Услышали мы. Сегодняшняя цивилизация уходит и рождается новая. То, что старое уходит, сегодня видит и осознаёт каждый разумный человек. Но никто из людей не знает, что́ принесет с собой в мир это новое. И возможно, правильное понимание слов древнего Конфуция позволит человечеству хоть немного приблизиться к этому неведомому новому. Ведь все новое это только хорошо забытое старое. Все в этом мире «возвращается на круги своя».

Феномен Конфуция

Общеизвестно, что Конфуций это, образно говоря, «визитная карточка» Китая. Наверное, каждому образованному европейцу известны такие конфуцианские понятия как «любовь к учению», «человеколюбие», «добродетель», «китайские церемонии», «уважение к старшим» или «сыновняя почтительность», «искренность» и т. д. Все это сформировало за ушедшие тысячелетия тот особенный облик Китая, который отличает его от цивилизации Запада, основанной, в первую очередь, на античном наследии и на духе христианства.

Такой «конфуцианский» Конфуций известен всему миру в первую очередь по Лунь юю, а точнее,  по переводам этого текста, которые мало чем отличаются друг от друга, потому что являются точной копией того представления, которое начало складываться в самом Китае еще во время империи Хань на рубеже эр, через сотни лет после жизни Конфуция.

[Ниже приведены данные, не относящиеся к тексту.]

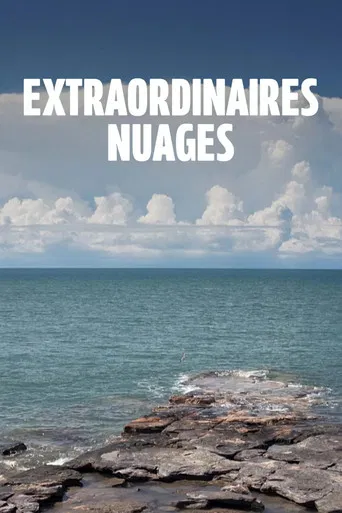 Extraordinaires nuages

Именно тогда, т. е. приблизительно в традиционное время евангельской проповеди Христа, Конфуций был канонизирован и императорский Китай воспринял его Учение уже в качестве государственного. Воспринял именно это Учение, а не учение легистов (законников-фа) или даосов, и тем более, не пришедшее поздне́е из Индии учение Будды.

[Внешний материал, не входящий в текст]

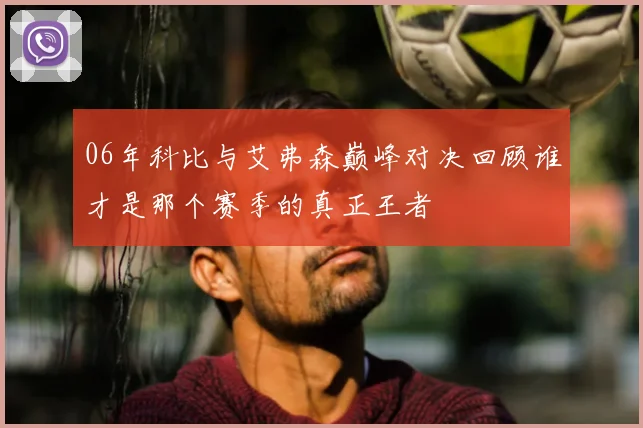 06年科比与艾弗森巅峰对决回顾谁才是那个赛季的真正王者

Все переводы Лунь юя, которые у европейцев носят название «Афоризмы Конфуция» (или «Беседы и суждения», или «Аналекты»  что означает, согласно Словарю иностранных слов, «собрание отрывков из произведений одного или нескольких авторов»), воспринимаются критическим умом неоднозначно, с каким-то подозрением и даже недоверием: не может быть, чтобы такой человек, который во многом сформировал тысячелетний облик Китая, говорил бы подобные малозначащие вещи. Картина в чем-то подобна той, когда просвещенный Запад, столетиями широко наслышанный о мудрости перса Заратуштры, ознакомился с первыми французскими переводами Аве́сты.

Вот что пишет один из известных российских переводчиков И. И. Семененко о книге Лунь юй (Конфуций. Лунь юй. Изречения.  М.: Эксмо, 2008, стр. 7, 8):

Она поражает современного читателя своей внешней бессистемностью, какой-то нарочитой неупорядоченностью и фрагментарностью. То, что ее современный текст разбит на главы, названные по первым словам каждой из них, является сугубо формальным приемом, который лишь подчеркивает эту хаотичность. Никак не выделяются начало и конец книги. Отрывочность предпочитается связанности не только в целом, но и на уровне фрагмента. Лунь юй состоит из небольших диалогов, рассуждений и разрозненных афоризмов; многие высказывания, включающие более одной фразы, по сути, распадаются на обособленные изречения. Это непрерывное внутреннее дробление, пронизывая как сквозняк всю книгу, расшатывает перегородки между фрагментами и усиливает общее впечатление хаотичности.